# INSTRUCTIONS TO FOLLOW
What you give back from the listing below should be an exact copy of the lines from the one with "TESLA T659C Комплект дротів запалення" down to the one with "アーバン寺町の間取り画像", and it should contain no pictures.

# PROVIDED DATA
★ ★ ★
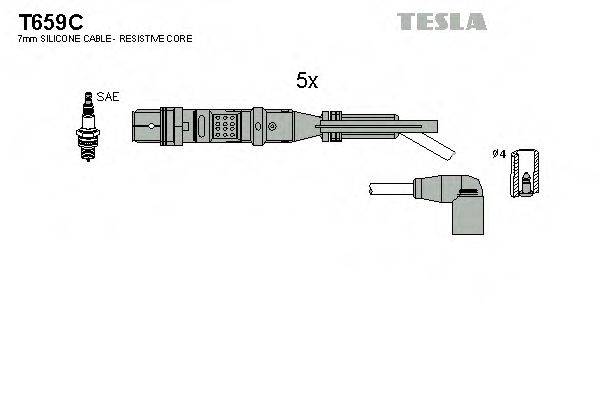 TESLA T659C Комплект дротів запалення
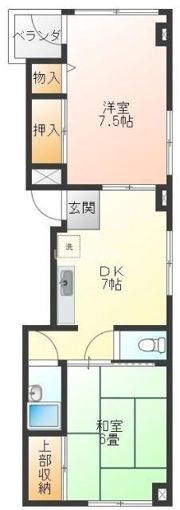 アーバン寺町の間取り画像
★ ★ ★
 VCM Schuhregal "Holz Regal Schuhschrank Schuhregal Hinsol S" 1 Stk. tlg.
★ ★ ★
# RESPONSE BOX
 TESLA T659C Комплект дротів запалення
 アーバン寺町の間取り画像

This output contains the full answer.